Variant Calling: What's the Difference?

Variant calling is the art and science of determining the variants that are in the sample sequence. Or, really, determining what the sample sequence actually is. From this we can predict diseases, drug interactions, and conduct other research on the genome.

Variant callers essentially all look at pileup data,²⁴ that is, the overlapping reads at a locus on the sequence, and determine if there is a variant there. If so, they attempt to determine what it is. Different variant callers can call different sorts of variants, with some specializing in SNVs, some in indels or SVs, or some which do all at once. Somatic variant callers are differentiated from normal (or "germline") variant callers in that they are focused on comparing two samples: normal tissue, and cancerous tissue (or other tissue of interest). Variant callers also often do what is sometimes a discrete step in the pipeline; indel (local) realignment. Indels can cause the alignment of reads to be off, and this can likewise cause variants to be called where they shouldn't be (and conversely). Thus, algorithms move the reads around (or change the CIGAR strings) based on what they see around a given locus.

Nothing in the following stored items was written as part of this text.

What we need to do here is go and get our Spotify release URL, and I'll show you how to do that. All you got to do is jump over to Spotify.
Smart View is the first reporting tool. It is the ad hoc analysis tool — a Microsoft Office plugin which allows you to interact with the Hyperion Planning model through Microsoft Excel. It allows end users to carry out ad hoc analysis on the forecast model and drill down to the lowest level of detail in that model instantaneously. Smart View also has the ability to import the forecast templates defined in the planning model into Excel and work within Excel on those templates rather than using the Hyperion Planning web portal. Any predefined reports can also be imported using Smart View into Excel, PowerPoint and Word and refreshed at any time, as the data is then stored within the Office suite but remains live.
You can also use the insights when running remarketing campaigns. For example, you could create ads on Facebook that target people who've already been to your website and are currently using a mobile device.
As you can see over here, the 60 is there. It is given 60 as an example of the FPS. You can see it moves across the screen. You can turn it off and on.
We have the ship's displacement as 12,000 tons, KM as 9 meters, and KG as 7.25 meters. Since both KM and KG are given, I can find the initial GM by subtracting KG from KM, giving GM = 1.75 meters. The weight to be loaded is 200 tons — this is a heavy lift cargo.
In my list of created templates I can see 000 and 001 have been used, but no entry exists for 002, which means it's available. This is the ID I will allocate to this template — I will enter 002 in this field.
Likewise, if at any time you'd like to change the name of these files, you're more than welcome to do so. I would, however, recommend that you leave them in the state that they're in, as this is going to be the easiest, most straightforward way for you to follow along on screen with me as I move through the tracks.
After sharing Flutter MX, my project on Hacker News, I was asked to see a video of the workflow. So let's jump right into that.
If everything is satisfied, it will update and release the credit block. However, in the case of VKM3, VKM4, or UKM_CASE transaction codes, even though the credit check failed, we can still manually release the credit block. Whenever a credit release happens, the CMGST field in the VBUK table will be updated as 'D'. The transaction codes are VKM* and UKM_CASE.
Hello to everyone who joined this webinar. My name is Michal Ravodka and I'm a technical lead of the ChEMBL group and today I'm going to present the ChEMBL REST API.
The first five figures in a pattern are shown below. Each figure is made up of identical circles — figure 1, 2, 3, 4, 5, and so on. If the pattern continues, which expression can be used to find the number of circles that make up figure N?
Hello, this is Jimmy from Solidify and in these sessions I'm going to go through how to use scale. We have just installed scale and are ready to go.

The output of these callers is a file in variant call format, or VCF. This file format was created in 2008 by the 1000 Genome Project as a way to store variations between different genomes; important enough, it would seem, for their titular project.²⁵

In fact, all file formats used in sequence processing and analysis have been rather more ad-hoc than VCF. SAM/BAM, as well as pileup format, were created by Heng Li and used in his samtools software library. FASTQ and FASTA (a simple textfile of a sequence) were settled on as industry standards which came about through convention. Another new project, ADAM, uses yet another format with the purpose of further compressing the data and simplifying the interoperation of different programs and tools. There will likely be many more formats in the future.

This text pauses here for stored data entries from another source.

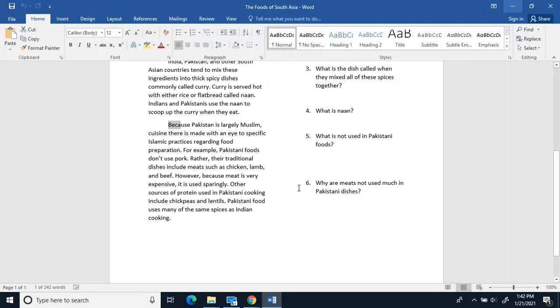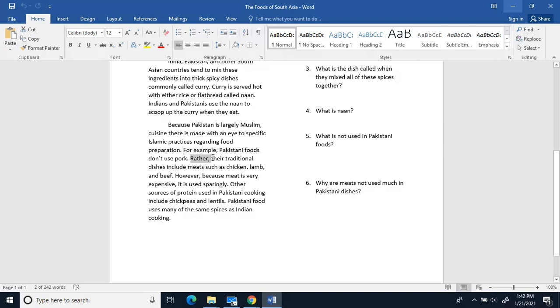Because Pakistanis are largely Muslim, cuisine there is made with an eye to specific Islamic practices regarding food preparation. For example, Pakistani foods don't use pork. Rather, their traditional dishes include meats such as chicken, lamb, and beef.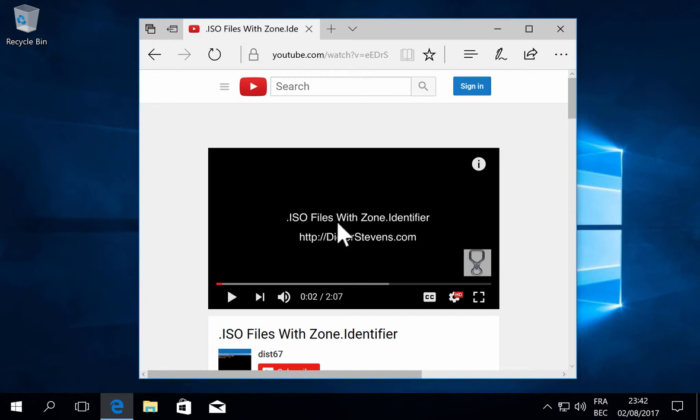So as a reminder, in this video I show that ISO files with malware inside, because they are being spammed, when you download them from the internet, for example as an attachment in an email...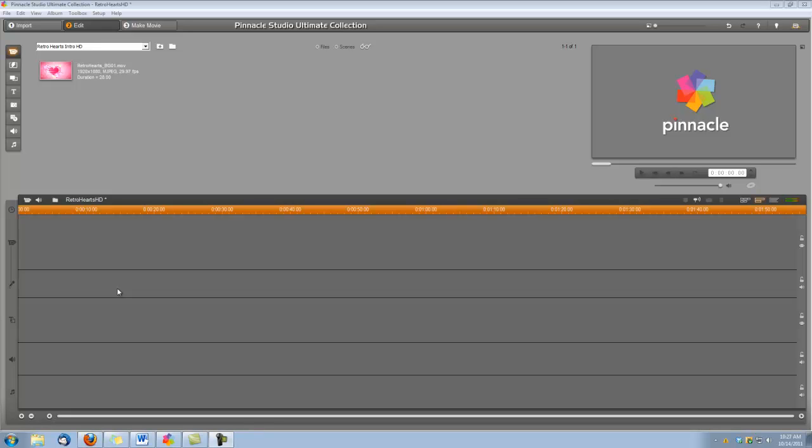Hi, this is Dina with Digital Hotcakes, and I am in Pinnacle Studio Ultimate Collection version 15.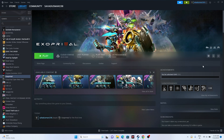Hello everyone, welcome back to the Gaming Flu. In this video we're going to talk about how to fix Exo Primal — crashing issues, not launching, freezing and stuttering, low FPS drops, stuck on loading screen, black screen, and many more issues. The game released recently and many users are having these troubles, so let's see some possible workarounds.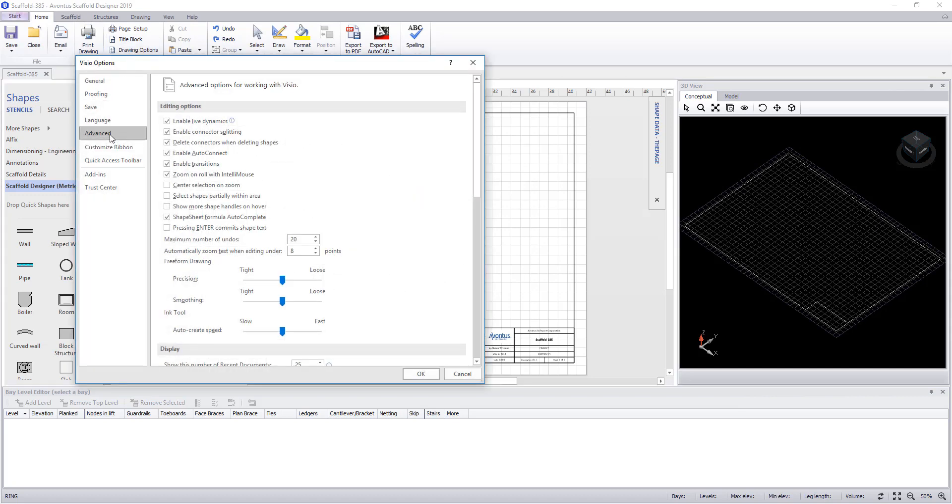One feature that's worth looking at is under advanced, checking zoom on roll with IntelliMouse. This lets you zoom in and out of the drawing easier.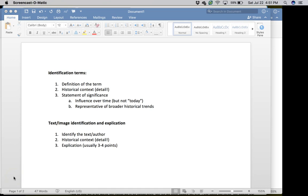Hi everyone, this is Dr. Young, Western Civilization I at Flagler College. The purpose of this video is to go over the midterm examination and offer a little bit of review for that. You're welcome to send any questions my way about the midterm, but this goes over the basics — the kinds of questions you're going to see on the midterm and how to approach these.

But I digress: back to VCFs.

VCF files contain information pertaining to the variants (or simply genotype; even if a locus doesn't vary from the reference, it may be included) in a given sample or samples. This includes an ID (which can either be a standard dbSNP ID, or an ID internal to the institution doing the processing), the position where the variant occurs, the type of variant, and other meta-information such as the genotype of the sample, the base quality, mapping quality, frequency of the allele in the pileups, and much, much more.

Now What?

What do we do with these VCFs? Well, it depends on who we are. If we're doctors, we may use it to guide our treatment (avoiding drug interactions, for example). We may use it to determine the type of cancer in the sample to guide treatment and adjust prognosis. Researchers are currently using them to create personalized cancer treatments, and to build vaccines that are specific to the specific cancer cells of an individual. Researchers can use them to determine the genes and mutations associated with diseases and other phenotypes, and thus guide research on cures and treatments for autoimmune, neurodegenerative, and other diseases which have long eluded cure.

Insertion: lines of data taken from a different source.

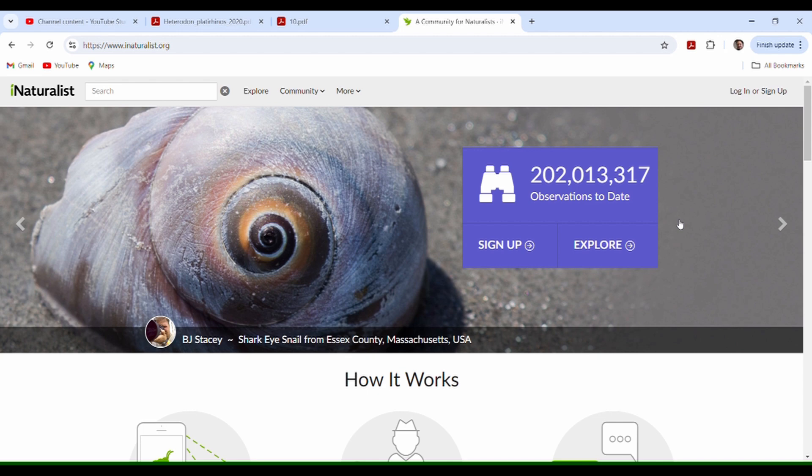What's up hognose fans, thanks for tuning in to Hognose One. I'm going to throw you a massive bone today — I think everybody out there will find some fascination with this particular website if you're not aware of it already. This is iNaturalist.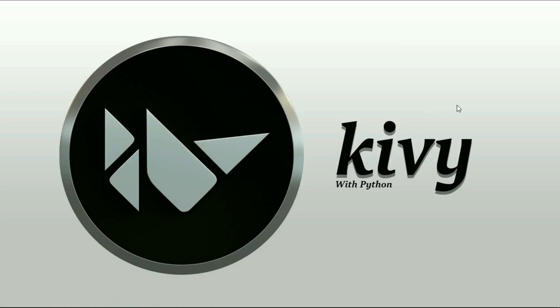Hello guys, this is Mahmood Raouf and welcome to our course on the Kivy library. If you don't know what the Kivy library is, let's talk about it a little bit.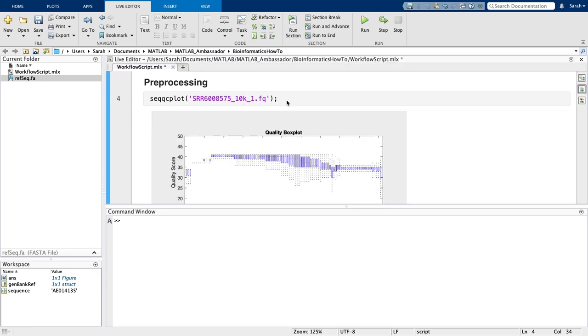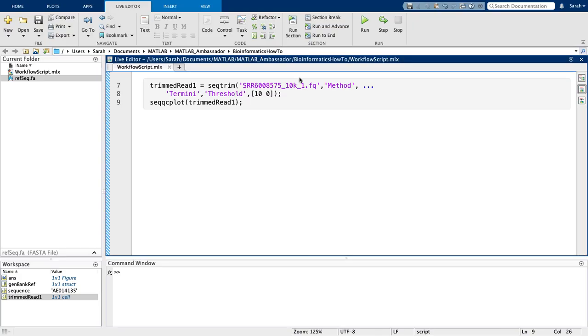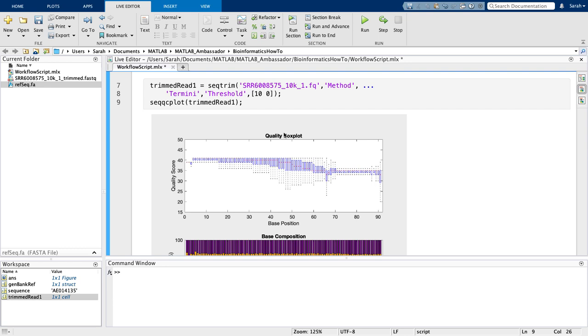You can see the first 10 base pairs on the 5' end of both samples are generally lower in quality score. To clip these pairs off the 5' end, I can use the function SeqTrim.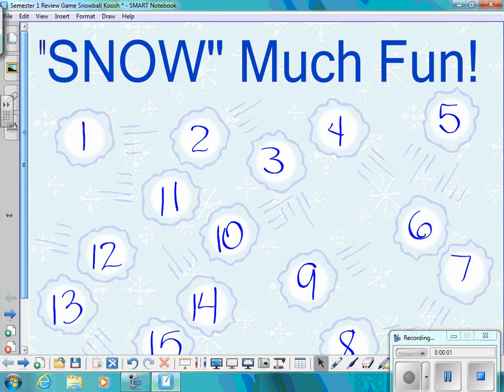We're going to play some snowflake review. We're going to be reviewing semester one units, getting you ready for your midterm.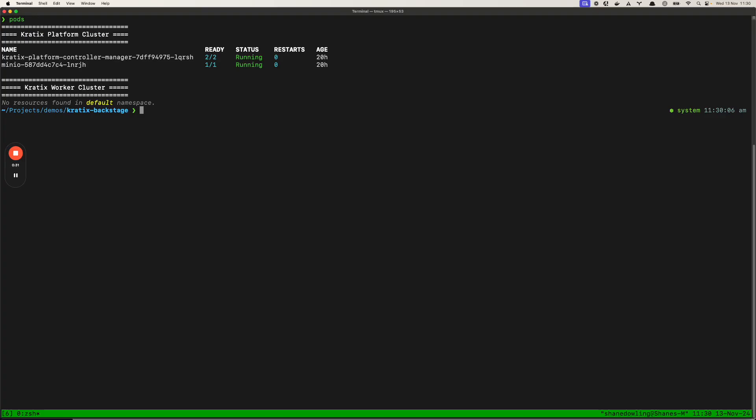For today's example I'll be using two local Kubernetes clusters running on kind. We have a platform cluster that's running Kratix where promises will be installed. We also have a worker cluster where workloads will run.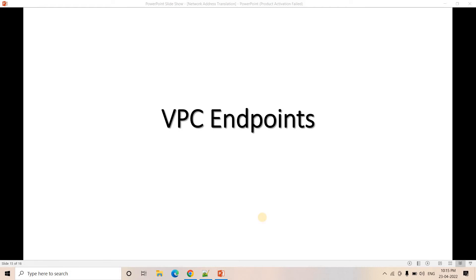Hello friends. Welcome to our channel Knowledge Amplifier. Today in this particular video, I am going to discuss about VPC endpoint.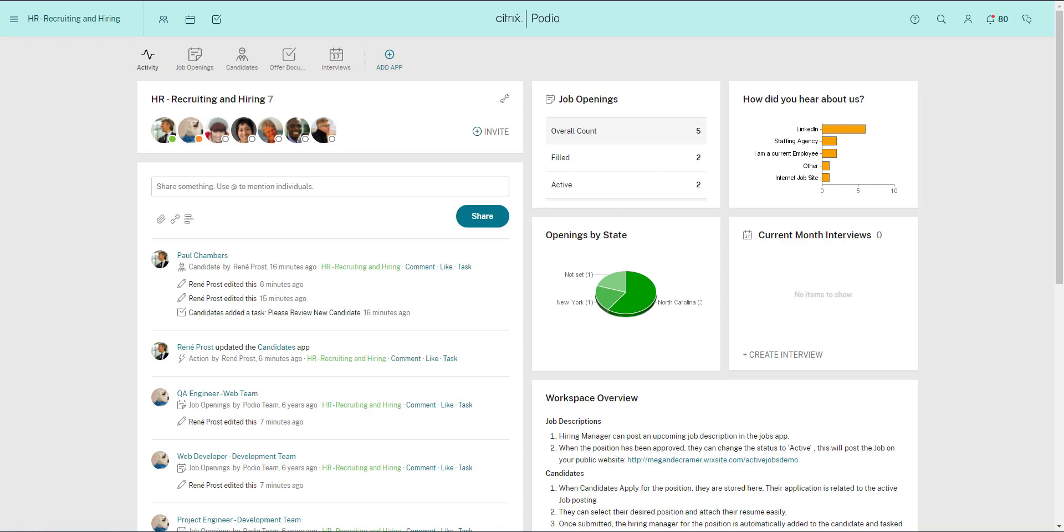For this example, I'll show you how Relationships works in the context of a recruiting use case, but hopefully in a way that will explain how the feature works for however you're using Podio.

Sequencing can also be applied to RNA, in order to determine gene expression in certain cells. We can also examine the epigenome, including methylation of DNA,²⁶ which has been associated with aging²⁷ and diseases such as cancer and HIV.

Some researchers are using sequencing to create and guide the creation of new, synthetic life. Others still use it for determining ancestry and the origin of our (and other) species.

There are many additional file formats such as GFF, ADAM, FASTA, and more. There are also many possible additional transformation which can be done to this sequencing data. The methods above may be the most common as of 2014, but new ideas are being tried every day.

There is a great wealth of information locked up in these data, and we are far from extracting all of it. In a very real way, our DNA sequence is the blueprint for the construction of our bodies. With a better understanding of our genome, microbiome, proteome, and interactome, environment, as well as the tools with which to act upon this knowledge, we will be able to cure and prevent diseases, enhance our species and others, and explore the makeup of life more adeptly than ever before.